• Work instructions:
No pictures, no extra lines: copy exactly from the line with "Toyota Harrier in Pearl for Sale Image 10" through the end of the entries.

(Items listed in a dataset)
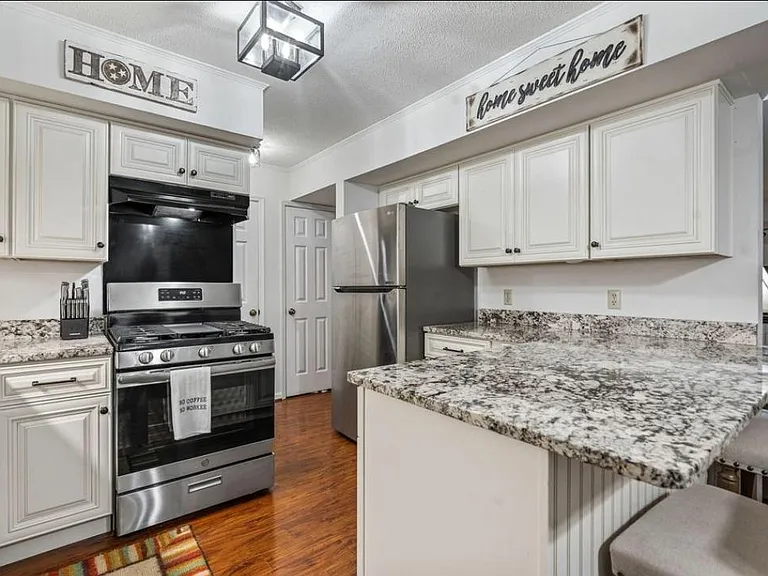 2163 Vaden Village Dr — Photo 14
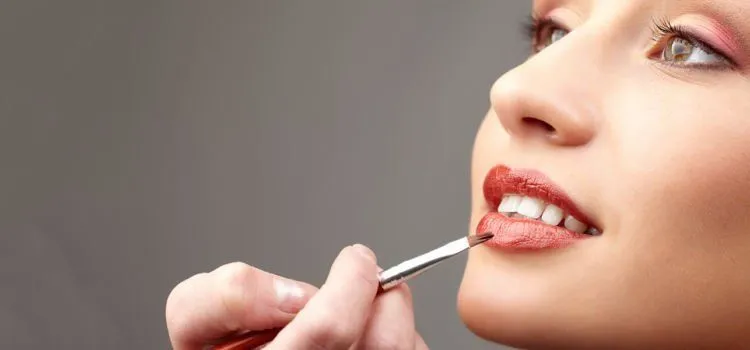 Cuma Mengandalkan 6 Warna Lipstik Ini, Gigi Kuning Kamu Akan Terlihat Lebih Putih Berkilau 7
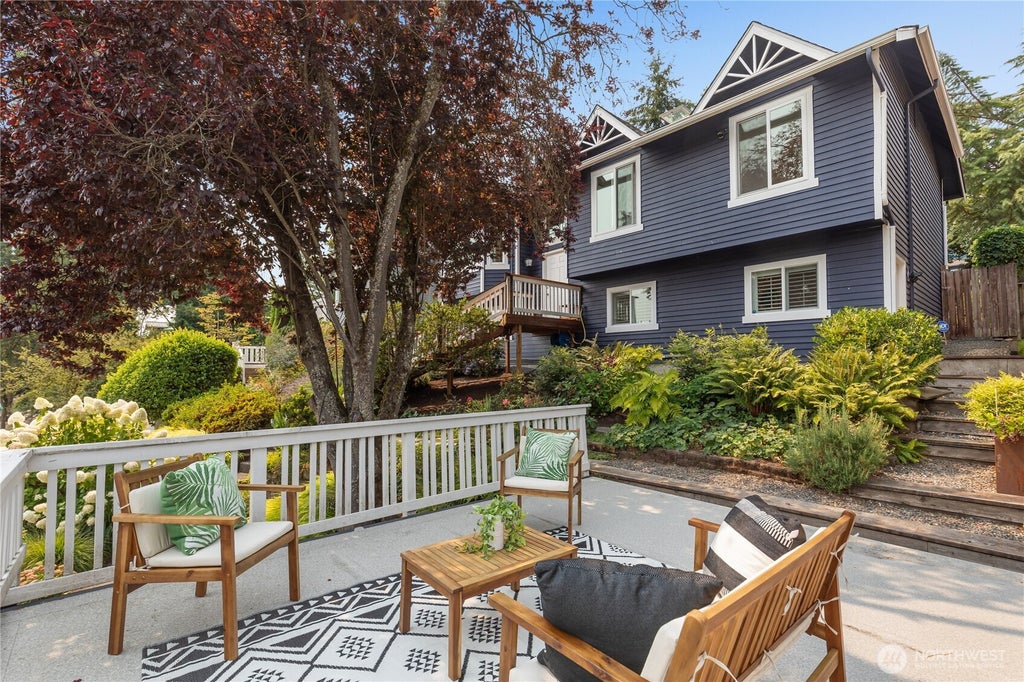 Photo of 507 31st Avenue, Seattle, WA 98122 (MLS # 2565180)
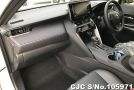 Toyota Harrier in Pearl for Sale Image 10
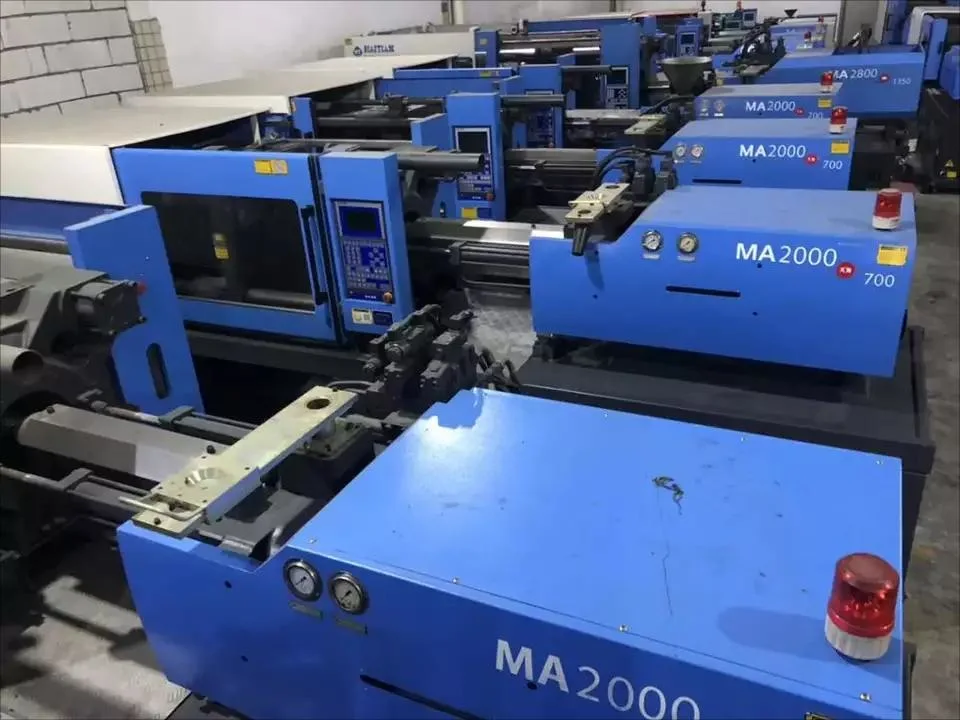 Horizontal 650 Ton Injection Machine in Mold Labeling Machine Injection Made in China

• Output for this exercise:
 Toyota Harrier in Pearl for Sale Image 10
 Horizontal 650 Ton Injection Machine in Mold Labeling Machine Injection Made in China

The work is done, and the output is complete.